**Excerpted data:**
------------------------------------

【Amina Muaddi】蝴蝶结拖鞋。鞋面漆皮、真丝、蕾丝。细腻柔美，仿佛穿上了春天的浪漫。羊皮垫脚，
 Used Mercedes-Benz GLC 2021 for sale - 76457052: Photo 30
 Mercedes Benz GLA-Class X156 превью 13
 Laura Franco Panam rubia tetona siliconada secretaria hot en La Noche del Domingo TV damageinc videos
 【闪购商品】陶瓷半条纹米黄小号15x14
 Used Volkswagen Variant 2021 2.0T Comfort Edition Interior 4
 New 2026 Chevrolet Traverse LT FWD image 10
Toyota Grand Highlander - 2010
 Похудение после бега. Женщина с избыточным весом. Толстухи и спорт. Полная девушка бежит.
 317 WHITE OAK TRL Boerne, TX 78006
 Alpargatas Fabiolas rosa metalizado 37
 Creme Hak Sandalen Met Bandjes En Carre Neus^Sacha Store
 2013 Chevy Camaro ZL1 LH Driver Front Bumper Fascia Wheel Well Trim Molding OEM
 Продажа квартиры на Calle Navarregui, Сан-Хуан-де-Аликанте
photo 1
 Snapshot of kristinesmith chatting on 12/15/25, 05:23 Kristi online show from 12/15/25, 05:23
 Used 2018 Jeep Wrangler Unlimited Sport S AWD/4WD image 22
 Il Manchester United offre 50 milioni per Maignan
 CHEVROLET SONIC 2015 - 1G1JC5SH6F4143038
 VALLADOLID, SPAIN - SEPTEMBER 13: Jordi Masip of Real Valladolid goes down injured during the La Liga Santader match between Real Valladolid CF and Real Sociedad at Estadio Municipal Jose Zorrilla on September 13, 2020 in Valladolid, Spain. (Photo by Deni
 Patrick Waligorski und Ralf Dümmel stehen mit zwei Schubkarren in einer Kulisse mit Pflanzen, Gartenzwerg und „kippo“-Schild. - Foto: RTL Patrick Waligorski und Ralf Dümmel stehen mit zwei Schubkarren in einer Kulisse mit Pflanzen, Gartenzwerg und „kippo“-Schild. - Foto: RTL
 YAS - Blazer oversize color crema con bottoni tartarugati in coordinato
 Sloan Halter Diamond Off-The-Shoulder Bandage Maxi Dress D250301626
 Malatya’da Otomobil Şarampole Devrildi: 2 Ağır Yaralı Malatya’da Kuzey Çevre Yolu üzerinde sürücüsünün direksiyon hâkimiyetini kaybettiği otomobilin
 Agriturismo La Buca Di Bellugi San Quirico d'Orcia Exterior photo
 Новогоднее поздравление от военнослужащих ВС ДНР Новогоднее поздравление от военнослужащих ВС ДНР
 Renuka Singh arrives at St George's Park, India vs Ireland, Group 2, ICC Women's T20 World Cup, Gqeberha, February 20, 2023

------------------------------------

**Activity:** Where does the word "image" appear in the listing? List each line that holds it.

**Output of the exercise:**
 New 2026 Chevrolet Traverse LT FWD image 10
 Used 2018 Jeep Wrangler Unlimited Sport S AWD/4WD image 22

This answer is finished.